Today, if you want the benefits of computing, you sit down at a computer. Once at the computer, you do things the way the computer expects them to be done. If your hardware and software are decently designed, the experience feels relatively “natural” after a while—but only because you, the amazingly adaptable human being, have adapted to it.
To this day, IT has been something like a baby in diapers—cared for by people, coddled by people, tolerated by people. And rather astonishingly, most people don’t expect IT to get out of its diapers. They expect it to get cheaper, faster, and perhaps more entertaining, but they don’t expect it to grow up.
Academics and Entrepreneurs
Thus the promise of the M2M / Pervasive Internet era—i.e., billions of smart devices sharing their real-world, real-time data and controlling each other on a global network—has often been greeted with the kind of cynicism that killed its sexier predecessor, AI.
Even without AI’s massive self-hype, pervasive technologies face overt hostilities from various quarters (labor unions, misguided privacy protectors, misinformed members of the public and their elected representatives), as well as the standards battles being waged by private-sector companies who want the next era of computing to be based upon their proprietary technologies. The editor of a leading magazine for the “digerati” recently said, in a private conversation, “We’ve been hearing for years about the day when any electronic device will be able to talk to any other device. When is it actually going to happen?”
The dot-com crash caused investors to treat Internet technologies like the plague, but the people who actually understand and create high-tech innovation knew better. They knew that the crash was merely a speed-bump in an unstoppable journey. To continue innovating, and especially to “cross the chasm” between innovation and real-world impact, they had to find sources of greater sanity and support than a fickle investment community obsessed with quarterly reports.
In the years since the crash, academic / industry cooperation has proven to be indispensible. One excellent example is MIT’s Auto-ID Center, which was founded with the mission of building “an Internet of things.” The Center gathered over 100 corporate sponsors and delegates, created the Electronic Product Code (EPC™—now widely accepted as the successor to the barcode), and specified numerous proposed standards and industry milestones that have greatly advanced the commercialization of RFID technology. (Its work completed, the Auto-ID Center officially closed on October 26, 2003, transferring its technology to EPCglobal. Its university labs continue to exist as Auto-ID Labs.)
IMS and Automated “Machine Health”
The Center for Intelligent Machine Maintenance (IMS), headquartered at the University of Wisconsin at Milwaukee, is another example of academic researchers and scientists joining with industry stakeholders to create a future that everyone wants. IMS is a National Science Foundation Industry / University Cooperative Research Center whose industry members contribute cash or in-kind donations of technology, equipment, and expertise that enable the Center to create the research environment, industrial testbeds, and standardized software tools that will make automated “machine health” a reality.

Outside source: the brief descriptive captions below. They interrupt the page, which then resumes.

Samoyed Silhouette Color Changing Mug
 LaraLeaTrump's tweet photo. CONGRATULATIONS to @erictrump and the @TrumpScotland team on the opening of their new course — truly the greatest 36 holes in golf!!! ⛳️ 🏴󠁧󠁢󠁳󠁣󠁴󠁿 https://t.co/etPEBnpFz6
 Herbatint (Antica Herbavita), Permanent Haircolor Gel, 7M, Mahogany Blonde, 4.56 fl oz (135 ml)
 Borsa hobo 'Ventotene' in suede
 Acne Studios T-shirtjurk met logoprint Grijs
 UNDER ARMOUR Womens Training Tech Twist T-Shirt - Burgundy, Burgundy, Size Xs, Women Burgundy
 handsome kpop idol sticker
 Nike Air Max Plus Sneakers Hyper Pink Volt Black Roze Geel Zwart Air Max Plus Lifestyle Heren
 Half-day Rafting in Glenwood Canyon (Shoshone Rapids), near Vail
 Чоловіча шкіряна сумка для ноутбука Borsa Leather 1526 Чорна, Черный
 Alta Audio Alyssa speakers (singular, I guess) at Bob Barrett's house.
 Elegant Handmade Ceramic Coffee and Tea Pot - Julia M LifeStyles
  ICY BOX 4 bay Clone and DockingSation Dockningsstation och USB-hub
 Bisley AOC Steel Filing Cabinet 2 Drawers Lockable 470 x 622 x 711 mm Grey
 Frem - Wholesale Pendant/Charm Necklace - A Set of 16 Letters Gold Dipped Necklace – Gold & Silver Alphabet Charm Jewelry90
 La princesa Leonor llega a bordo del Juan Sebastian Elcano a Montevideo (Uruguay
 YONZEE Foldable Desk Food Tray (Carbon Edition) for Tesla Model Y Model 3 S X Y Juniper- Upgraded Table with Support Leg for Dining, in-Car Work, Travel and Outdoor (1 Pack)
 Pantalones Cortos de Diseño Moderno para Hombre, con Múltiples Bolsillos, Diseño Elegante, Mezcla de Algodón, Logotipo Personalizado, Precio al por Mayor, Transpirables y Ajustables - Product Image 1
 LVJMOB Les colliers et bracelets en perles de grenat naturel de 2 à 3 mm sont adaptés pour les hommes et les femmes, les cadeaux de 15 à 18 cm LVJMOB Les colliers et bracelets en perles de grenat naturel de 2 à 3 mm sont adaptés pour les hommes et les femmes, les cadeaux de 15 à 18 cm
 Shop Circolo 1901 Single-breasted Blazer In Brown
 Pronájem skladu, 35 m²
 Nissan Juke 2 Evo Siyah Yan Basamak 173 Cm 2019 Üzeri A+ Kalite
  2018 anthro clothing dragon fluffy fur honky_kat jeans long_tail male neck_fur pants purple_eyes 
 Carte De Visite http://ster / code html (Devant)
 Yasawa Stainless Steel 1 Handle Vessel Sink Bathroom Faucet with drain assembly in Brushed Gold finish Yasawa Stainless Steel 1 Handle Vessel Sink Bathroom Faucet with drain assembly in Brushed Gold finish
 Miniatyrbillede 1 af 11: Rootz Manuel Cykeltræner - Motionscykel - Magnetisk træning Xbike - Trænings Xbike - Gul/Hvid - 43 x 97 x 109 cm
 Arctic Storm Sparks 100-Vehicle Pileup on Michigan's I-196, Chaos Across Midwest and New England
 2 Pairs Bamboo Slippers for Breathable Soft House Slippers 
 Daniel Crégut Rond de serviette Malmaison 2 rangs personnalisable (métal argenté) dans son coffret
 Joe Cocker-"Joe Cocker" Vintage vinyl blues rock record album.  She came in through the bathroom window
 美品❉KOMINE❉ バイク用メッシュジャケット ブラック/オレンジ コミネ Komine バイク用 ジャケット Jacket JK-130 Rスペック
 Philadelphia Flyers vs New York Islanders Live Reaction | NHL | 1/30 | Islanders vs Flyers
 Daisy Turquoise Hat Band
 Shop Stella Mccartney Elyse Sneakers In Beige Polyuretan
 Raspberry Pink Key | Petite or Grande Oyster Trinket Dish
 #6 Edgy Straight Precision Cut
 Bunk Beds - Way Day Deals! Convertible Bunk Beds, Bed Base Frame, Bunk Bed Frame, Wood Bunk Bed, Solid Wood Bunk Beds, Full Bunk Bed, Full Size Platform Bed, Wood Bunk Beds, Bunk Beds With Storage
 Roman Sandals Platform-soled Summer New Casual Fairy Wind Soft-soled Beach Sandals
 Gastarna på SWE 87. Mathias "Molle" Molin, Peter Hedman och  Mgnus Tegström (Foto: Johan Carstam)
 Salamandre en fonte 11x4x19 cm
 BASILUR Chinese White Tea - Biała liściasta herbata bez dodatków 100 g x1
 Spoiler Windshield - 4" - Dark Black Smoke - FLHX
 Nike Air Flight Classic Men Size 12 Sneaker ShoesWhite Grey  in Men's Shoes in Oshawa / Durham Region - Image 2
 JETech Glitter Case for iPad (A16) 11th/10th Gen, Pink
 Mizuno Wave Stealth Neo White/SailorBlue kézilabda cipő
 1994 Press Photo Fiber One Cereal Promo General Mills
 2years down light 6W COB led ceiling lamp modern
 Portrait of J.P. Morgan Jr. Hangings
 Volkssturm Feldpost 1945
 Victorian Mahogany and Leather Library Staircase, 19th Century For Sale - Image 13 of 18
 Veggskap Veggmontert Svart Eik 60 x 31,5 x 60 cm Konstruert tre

When smart machines are networked and remotely monitored, and when their data is modeled and continually analyzed with sophisticated systems, it is possible to go beyond mere “predictive maintenance” to true machine “prognostics”—the process of pinpointing exactly which components of a machine are likely to fail, and when.
IMS’s mission is to achieve near-zero-downtime of industrial machinery. When the “health” of machinery is almost perfectly visible, a business can plan intelligently rather than being blindsided by failure. If a machine is about to fail, a sibling machine’s output might be accelerated (even automatically) to compensate for it, or another machine’s output might be slowed down, or the delivery of raw goods to the failing machine might be postponed. Whatever the case, knowledge becomes the power to optimize processes, save significant amounts of money, and achieve across-the-board “business automation.”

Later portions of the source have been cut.